We will continue to add social media experts’ insights about LinkedIn.
From Lisa R. Gittleman, Senior Recruiter, The Woods Group
I have included most of her post because it was clear and complete direction for your LinkedIn profile.
1.Complete your profile. How long have you been at your current company? What are your primary duties and achievements? What skills, qualifications, and/or certifications do you possess? Whether you’re marketing yourself as an expert, potential employee, or simply a strong representative of your company, a complete profile creates a professional image, touts your credentials, and builds credibility.
2.Include your contact information. Now that you’ve been found, what’s the best way to reach you? Include business contact information for business-related inquiries and a personal email address and phone number for job opportunities.
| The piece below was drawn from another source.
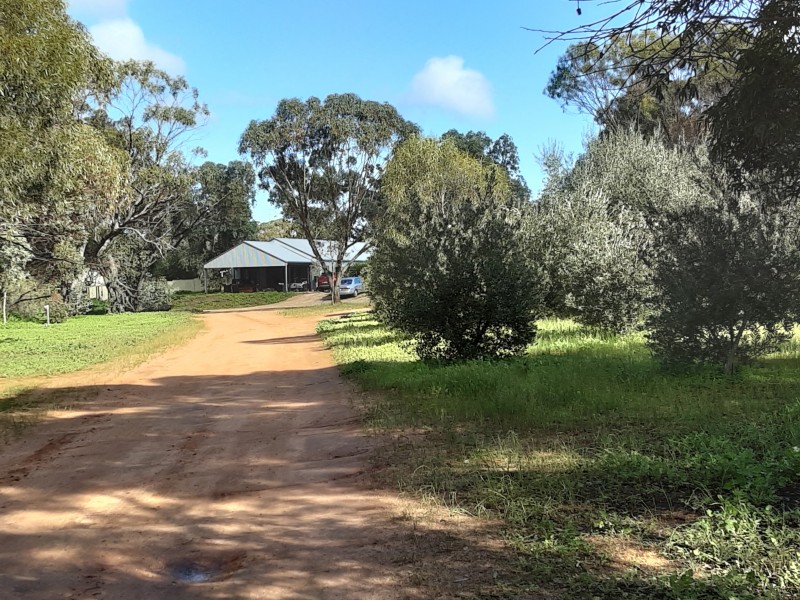 13 Ninth rd, York WA 6302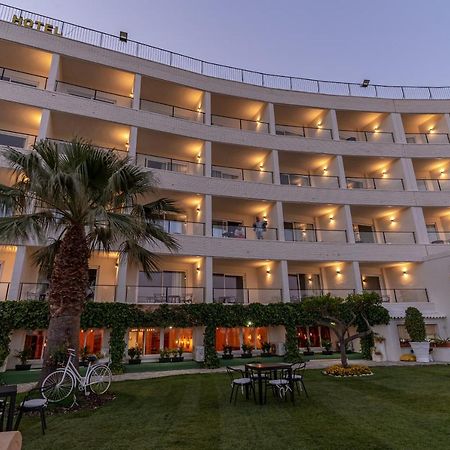 Ramada Resort By Wyndham El Puerto de Mazarrón Екстериор снимка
If you choose not to include contact information, at least make sure you respond to inmail and connection requests promptly. Even if you’re not interested in the opportunity presented, the contact could be invaluable down the road.
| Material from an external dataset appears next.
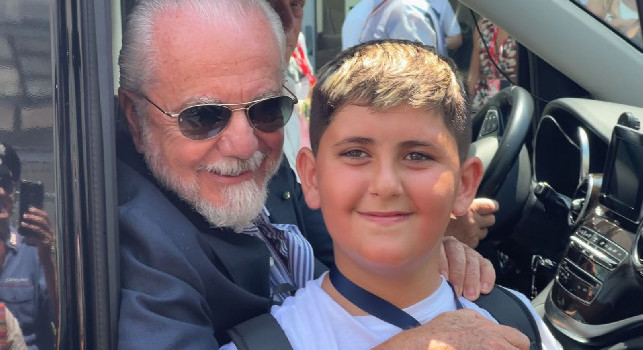 De Laurentiis al Giffoni Film Festival, bel gesto verso un baby tifoso del Napoli! | VIDEO CN24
3.Eliminate your “red flags.” There are two big red flags for potential employers that you can avoid: having more than one profile (double red flag if they have different information) and a profile with dates, jobs, or other information that does not match your resume. Don’t lead a potential employer to question the accuracy of your information or whether you’re attempting to hide something.
4.Choose a profile picture – the right one. According to LinkedIn, your profile is 7 times more likely to be viewed if you have a picture. Photos with children (unless your career is directly related – ex: childcare), a significant other, alcohol, etc. don’t belong on LinkedIn. Save them for Facebook with the privacy settings locked down tight (recruiters and hiring managers may check that too). Your LinkedIn profile is all about presenting a complete picture of you as a professional, so think about how you want to be perceived; a too casual picture may be a turn-off for a prospective employer, recruiter, or even your current company.
5.Get connected! If you’re only connected to a handful of people, viewers may assume you’re not active and pass you by. If you’re not connected to any of your co-workers – past and present – they may assume you have problems forming relationships and alliances in the workplace. You don’t have to be on LinkedIn every day, but take some time to build your network – you never know where the connections might lead!